The effectiveness of electrochemical hydrogen production is predominantly impeded by the slow kinetics associated with the anodic oxygen evolution reaction (OER). Nevertheless, the method of urea-assisted energy-efficient alkaline hydrogen production has surfaced as a viable alternative strategy. In this study, a highly efficient Ni₂P/NiCoP/NF electrocatalyst, featuring a unique combination of nanosheet and nanoneedle structures, is fabricated by fine-tuning the synthesis process. When employed as a catalyst, Ni₂P/NiCoP/NF demonstrated exceptional catalytic efficiency, achieving a current density of 100 mA cm⁻² at a notably low potential of 1.31 V (vs. RHE) in the urea oxidation reaction (UOR). Notably, this potential was 210 mV lower than that required for the OER. Moreover, the system demonstrated excellent stability, maintaining a stable performance for over 36 hours. Theoretical calculations suggested that cobalt incorporation could facilitate the relocation of the d band center of Ni₂P/NiCoP/NF towards the Fermi level, thereby enhancing electron transport efficiency.
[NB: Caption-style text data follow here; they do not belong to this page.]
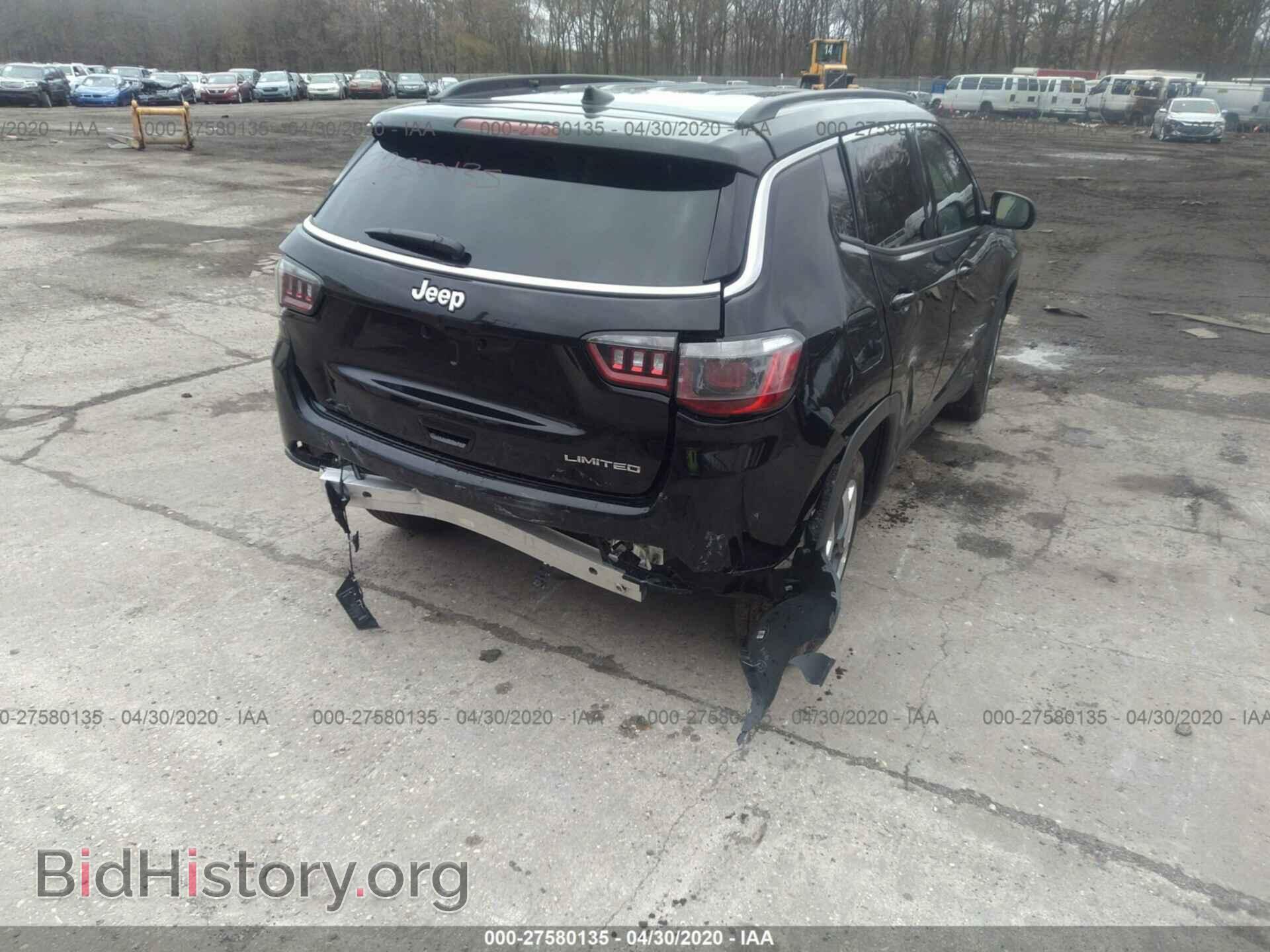 2020 JEEP COMPASS - VIN: 3C4NJCCB3LT140777 - Photo 6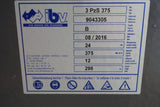 IBV Staplerbatterie 24V 3PzS375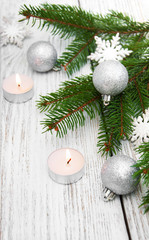 christmas tree decoration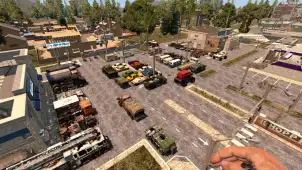 VehicleMadness_Overhaul载具包（搬运汉化）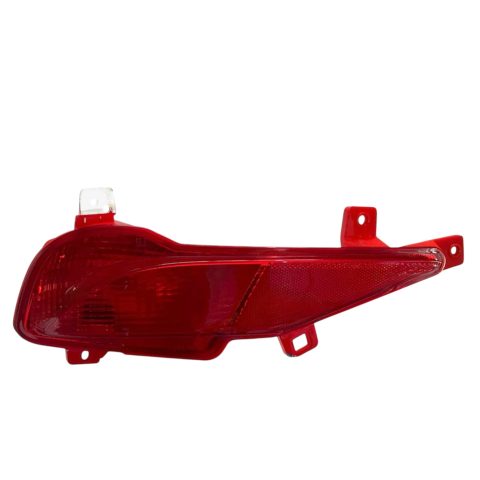Hyundai i20 21-24 Arka Sol Reflektör Tampon
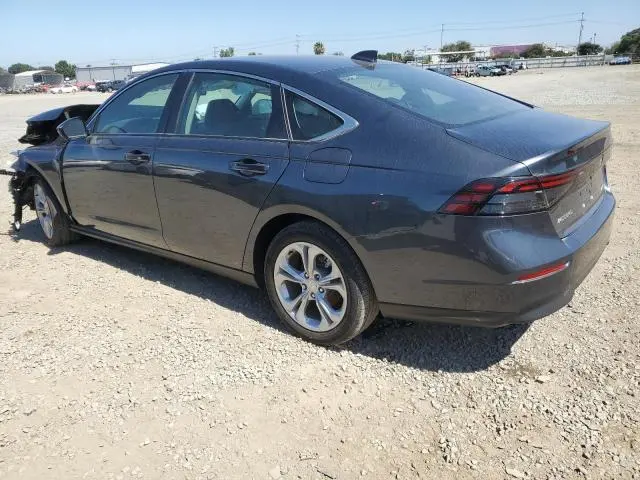 2024 HONDA ACCORD LX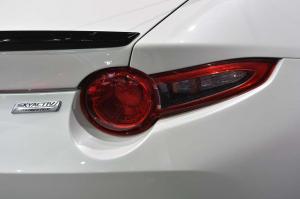 2015 Mazda MX-5 Club Edition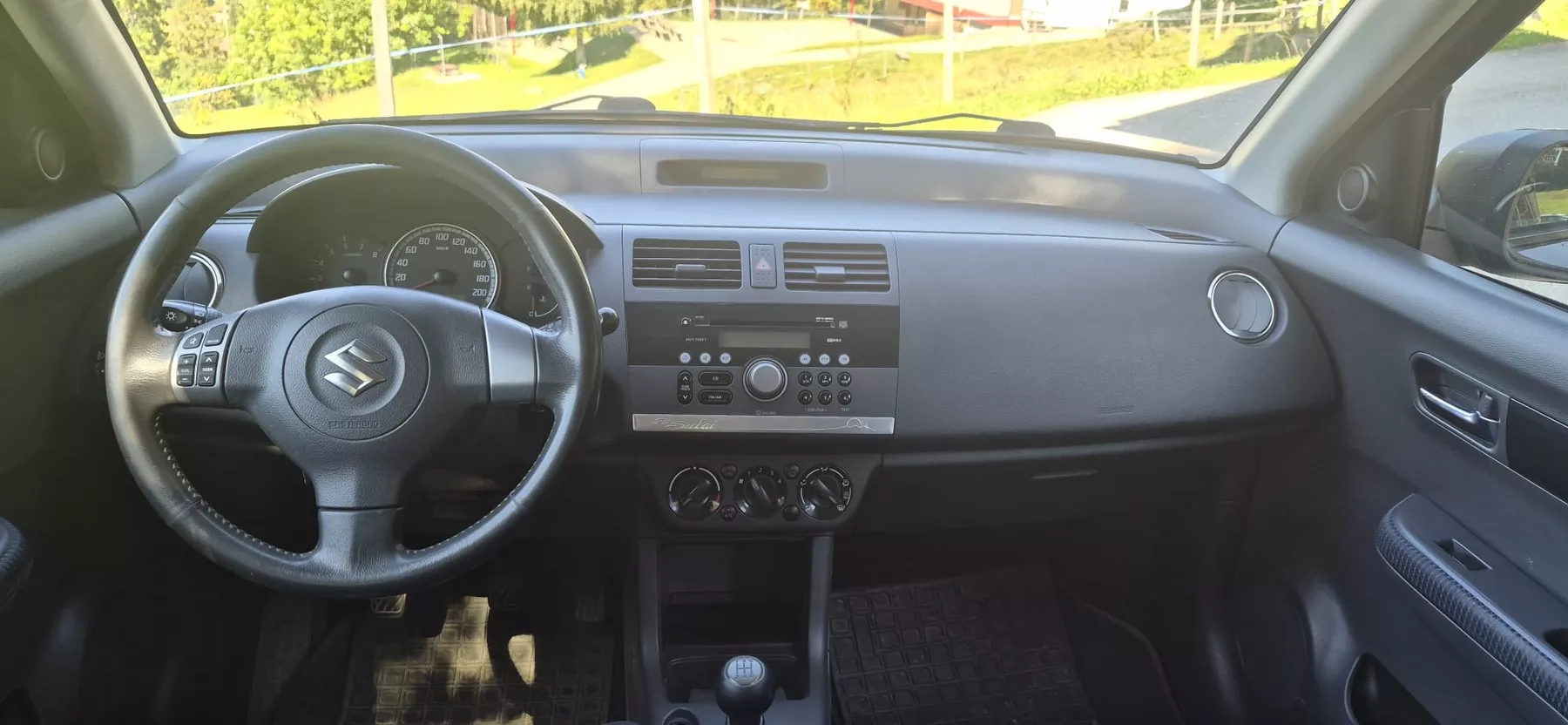 Suzuki Automobili: Suzuki Swift – Usato da Schwarzsee venduto da Maeni1173 6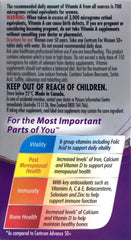 Centrum For Women 50+ 60Tablets - Pakuranga Pharmacy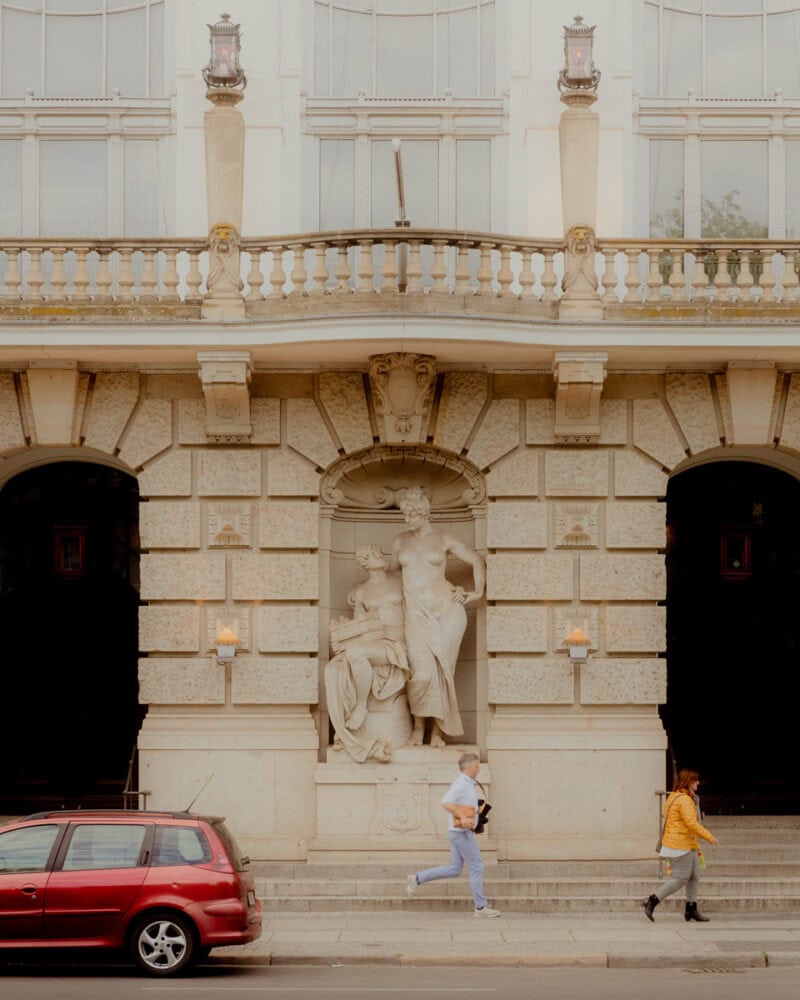 Theater Des Westens (Kantstraße, Berlin).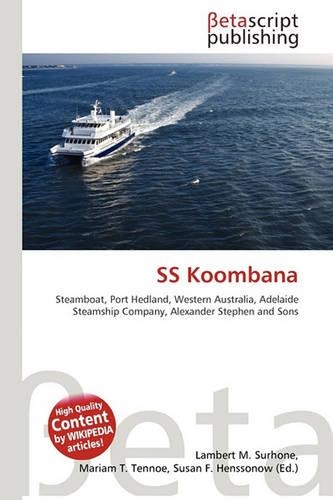 SS Koombana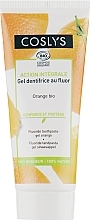 GIFT! Toothpaste Gel - Coslys Fluoride Toothpaste Gel — photo N1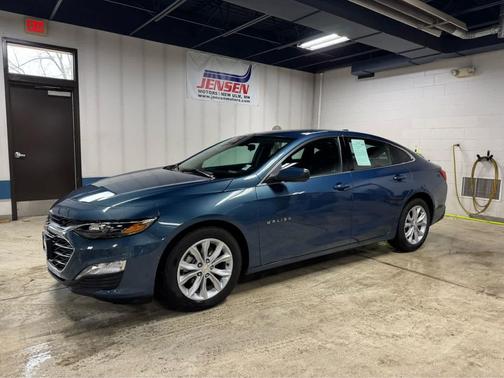 2025 Chevrolet Malibu FWD 1LT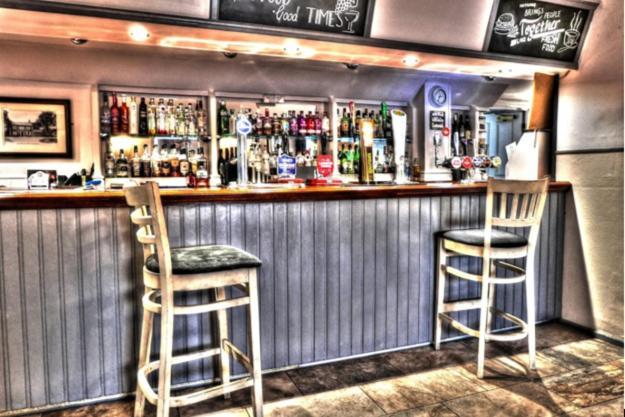 The Fordham Inn Sharnbrook Bagian luar foto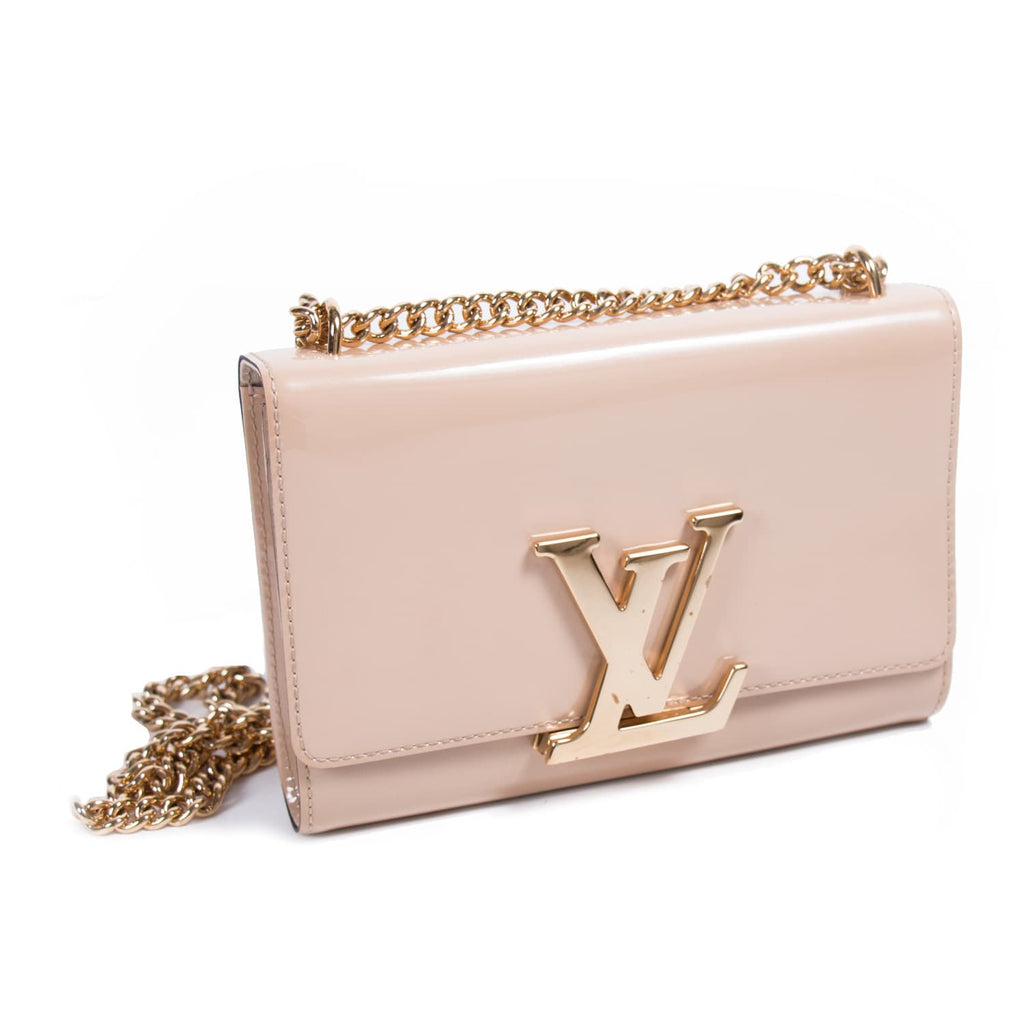 Louis Vuitton Chain Louise MM Bags Louis Vuitton - Shop authentic new pre-owned designer brands online at Re-Vogue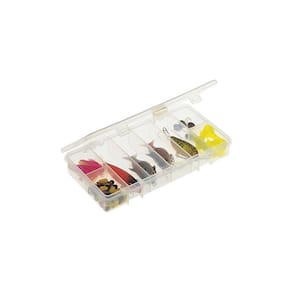 Caixa de Pesca Plano Stowaway 3400 com 8 Compartimentos Fixos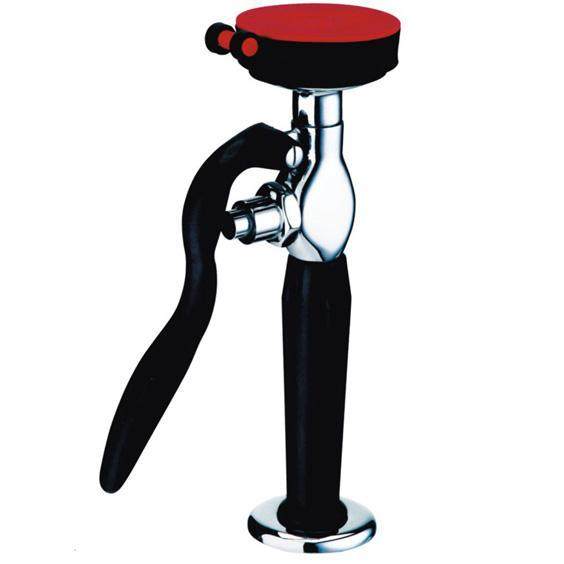 Single-head washers anti-flame retardant handle mobile single-mouth washers Single-hole washers desktop single-mouth washers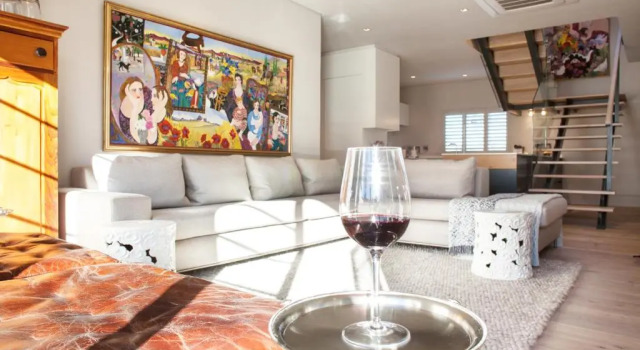 Апартаменты Luxury Luxury Apartments - Rozenhof Villa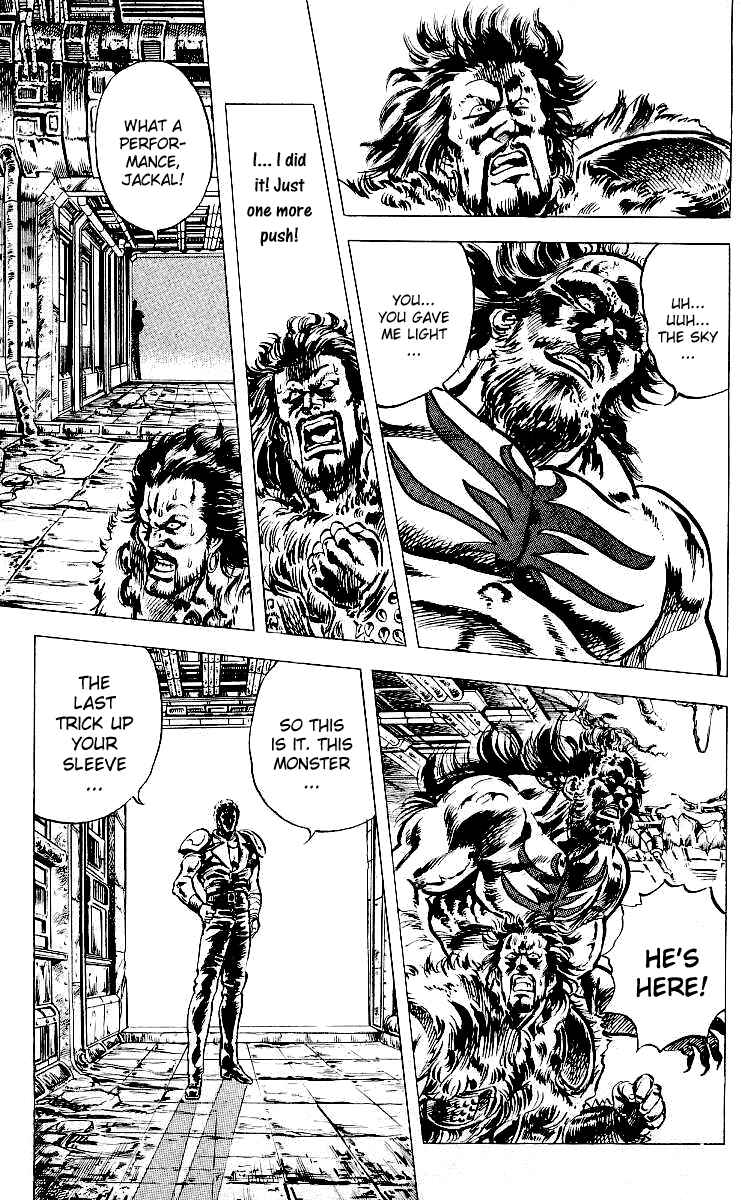 Page 9 Chapter 24 Fist of the North Star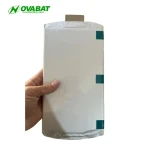 Lithium Li Battery P37 3.7V 73Ah 51Ah 37Ah NCM Li-ion Polymer Cell for Ele Motorcycle, Travel, Electric bus motorcycle battery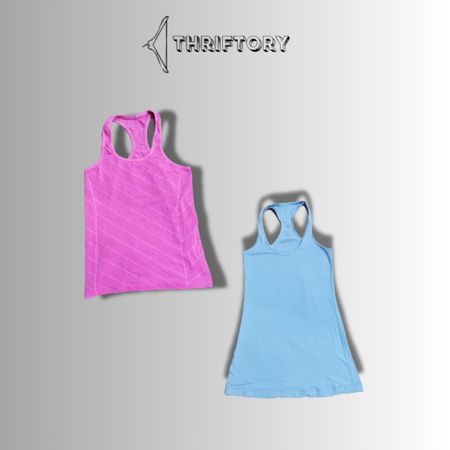 Lululemon débardeurs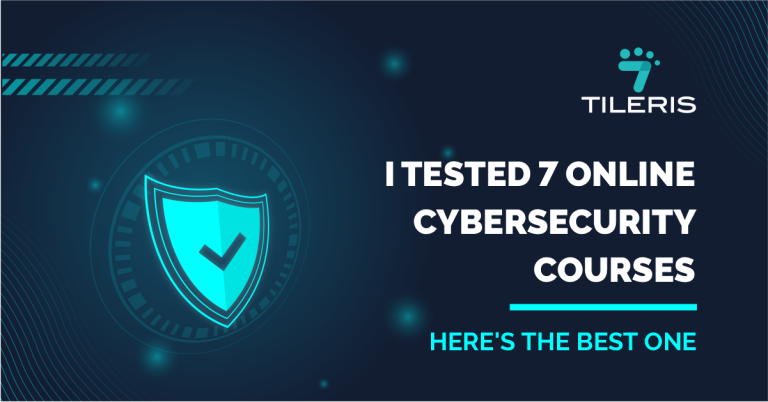I Tested 7 Online Cybersecurity Courses – Here’s the Best One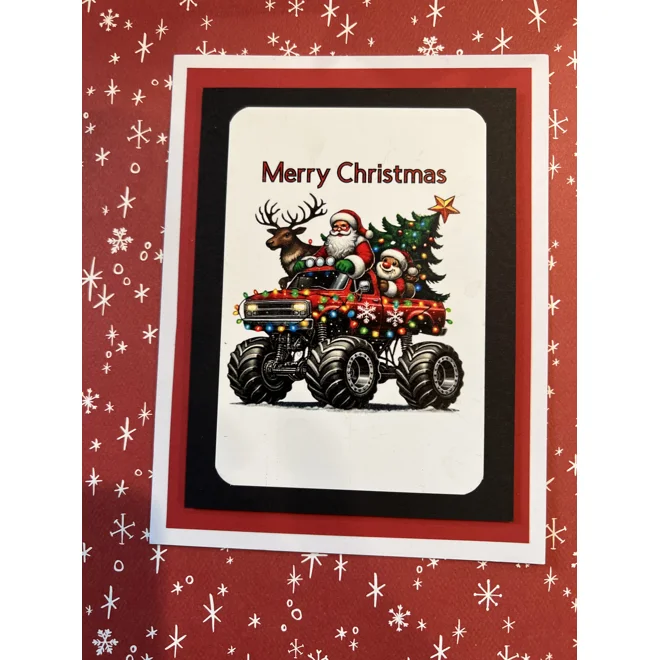 product Image for Santa on ATV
This adjustment enhanced the electron transport and increased urea adsorption, thereby accelerating the urea oxidation reaction (UOR). Scanning electron microscopy (SEM) analysis revealed a highly uniform and well-distributed nanostructure, whereas electrochemical measurements indicated significant enhancement in performance. Both of these outcomes directly resulted from the precise control of the synthesis parameters. This study showcases the successful integration of hybrid structure formation and morphology control strategies to design cost-effective catalysts for electrochemical conversion processes, thereby offering a sustainable and environmentally friendly approach towards energy-efficient hydrogen production.